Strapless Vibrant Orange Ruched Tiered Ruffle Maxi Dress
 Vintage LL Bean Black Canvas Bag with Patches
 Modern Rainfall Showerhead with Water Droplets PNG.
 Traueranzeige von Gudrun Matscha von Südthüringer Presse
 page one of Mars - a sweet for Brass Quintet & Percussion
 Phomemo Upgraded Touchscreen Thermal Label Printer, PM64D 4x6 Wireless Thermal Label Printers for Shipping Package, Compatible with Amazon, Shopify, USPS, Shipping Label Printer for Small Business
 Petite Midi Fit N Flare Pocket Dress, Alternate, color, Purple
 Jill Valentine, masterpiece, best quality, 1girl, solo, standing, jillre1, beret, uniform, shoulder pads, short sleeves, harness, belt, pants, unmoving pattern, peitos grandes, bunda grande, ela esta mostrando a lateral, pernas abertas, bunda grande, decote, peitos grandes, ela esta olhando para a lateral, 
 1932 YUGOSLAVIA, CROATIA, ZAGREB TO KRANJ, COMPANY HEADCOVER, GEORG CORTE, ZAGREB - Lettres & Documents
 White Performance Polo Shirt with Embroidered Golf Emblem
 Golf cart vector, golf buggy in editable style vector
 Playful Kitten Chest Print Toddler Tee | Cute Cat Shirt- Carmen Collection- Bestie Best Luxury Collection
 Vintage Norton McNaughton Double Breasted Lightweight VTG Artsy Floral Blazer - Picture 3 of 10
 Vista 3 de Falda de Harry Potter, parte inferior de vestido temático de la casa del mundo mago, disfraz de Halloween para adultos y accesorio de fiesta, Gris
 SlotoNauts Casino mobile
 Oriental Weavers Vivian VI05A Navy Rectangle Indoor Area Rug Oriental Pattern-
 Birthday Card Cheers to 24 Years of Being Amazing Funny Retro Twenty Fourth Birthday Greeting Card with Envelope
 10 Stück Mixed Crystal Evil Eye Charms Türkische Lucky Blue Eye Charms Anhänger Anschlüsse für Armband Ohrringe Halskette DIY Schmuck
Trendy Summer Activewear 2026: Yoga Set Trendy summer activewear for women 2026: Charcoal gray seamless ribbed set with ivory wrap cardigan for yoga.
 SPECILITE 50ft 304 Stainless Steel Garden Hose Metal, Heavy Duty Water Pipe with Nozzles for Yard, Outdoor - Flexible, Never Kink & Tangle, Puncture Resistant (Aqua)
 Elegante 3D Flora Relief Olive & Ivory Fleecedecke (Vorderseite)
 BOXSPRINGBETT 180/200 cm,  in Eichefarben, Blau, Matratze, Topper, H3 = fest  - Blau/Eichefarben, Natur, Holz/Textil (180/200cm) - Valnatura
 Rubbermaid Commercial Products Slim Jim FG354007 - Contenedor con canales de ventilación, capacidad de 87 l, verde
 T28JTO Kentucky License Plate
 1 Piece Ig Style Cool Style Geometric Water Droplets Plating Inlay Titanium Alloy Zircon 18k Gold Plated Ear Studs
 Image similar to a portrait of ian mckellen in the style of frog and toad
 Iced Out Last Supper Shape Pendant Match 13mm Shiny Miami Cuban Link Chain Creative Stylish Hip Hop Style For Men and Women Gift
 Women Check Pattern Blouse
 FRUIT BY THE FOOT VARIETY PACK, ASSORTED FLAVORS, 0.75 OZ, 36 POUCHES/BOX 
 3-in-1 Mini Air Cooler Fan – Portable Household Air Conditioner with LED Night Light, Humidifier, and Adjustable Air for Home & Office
--------------------------------
--- Problem statement ---
Output only the lines from the one containing "10 Stück Mixed" through the end of the material, please, exactly as they appear.

--- Finished exercise ---
 10 Stück Mixed Crystal Evil Eye Charms Türkische Lucky Blue Eye Charms Anhänger Anschlüsse für Armband Ohrringe Halskette DIY Schmuck
Trendy Summer Activewear 2026: Yoga Set Trendy summer activewear for women 2026: Charcoal gray seamless ribbed set with ivory wrap cardigan for yoga.
 SPECILITE 50ft 304 Stainless Steel Garden Hose Metal, Heavy Duty Water Pipe with Nozzles for Yard, Outdoor - Flexible, Never Kink & Tangle, Puncture Resistant (Aqua)
 Elegante 3D Flora Relief Olive & Ivory Fleecedecke (Vorderseite)
 BOXSPRINGBETT 180/200 cm,  in Eichefarben, Blau, Matratze, Topper, H3 = fest  - Blau/Eichefarben, Natur, Holz/Textil (180/200cm) - Valnatura
 Rubbermaid Commercial Products Slim Jim FG354007 - Contenedor con canales de ventilación, capacidad de 87 l, verde
 T28JTO Kentucky License Plate
 1 Piece Ig Style Cool Style Geometric Water Droplets Plating Inlay Titanium Alloy Zircon 18k Gold Plated Ear Studs
 Image similar to a portrait of ian mckellen in the style of frog and toad
 Iced Out Last Supper Shape Pendant Match 13mm Shiny Miami Cuban Link Chain Creative Stylish Hip Hop Style For Men and Women Gift
 Women Check Pattern Blouse
 FRUIT BY THE FOOT VARIETY PACK, ASSORTED FLAVORS, 0.75 OZ, 36 POUCHES/BOX 
 3-in-1 Mini Air Cooler Fan – Portable Household Air Conditioner with LED Night Light, Humidifier, and Adjustable Air for Home & Office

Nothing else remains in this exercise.